DATA SEGMENT Start Marker

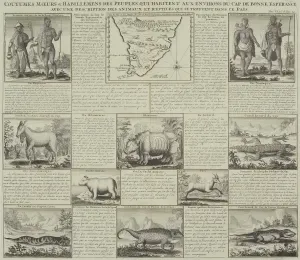 South African History Prints: Antique document and map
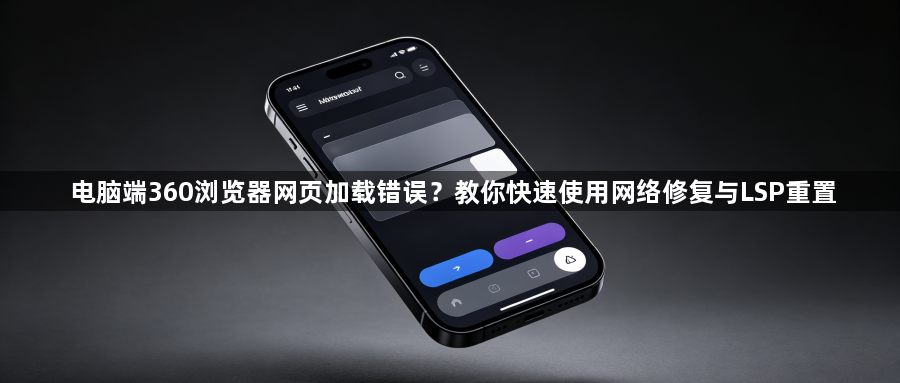 电脑端360浏览器网页加载错误？教你快速使用网络修复与LSP重置1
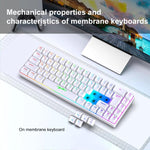 HXSJ V200 Russian Version Wired RGB Backlit Mechanical Keyboard 68 Key Caps, Cable Length: 1.7m, V200 Russian Version White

DATA SEGMENT End Marker

Transcribe the listing above in full and exactly; no pictures belong in the copy.

* _RESPONSE FOR THIS EXERCISE_:
 South African History Prints: Antique document and map
 电脑端360浏览器网页加载错误？教你快速使用网络修复与LSP重置1
 HXSJ V200 Russian Version Wired RGB Backlit Mechanical Keyboard 68 Key Caps, Cable Length: 1.7m, V200 Russian Version White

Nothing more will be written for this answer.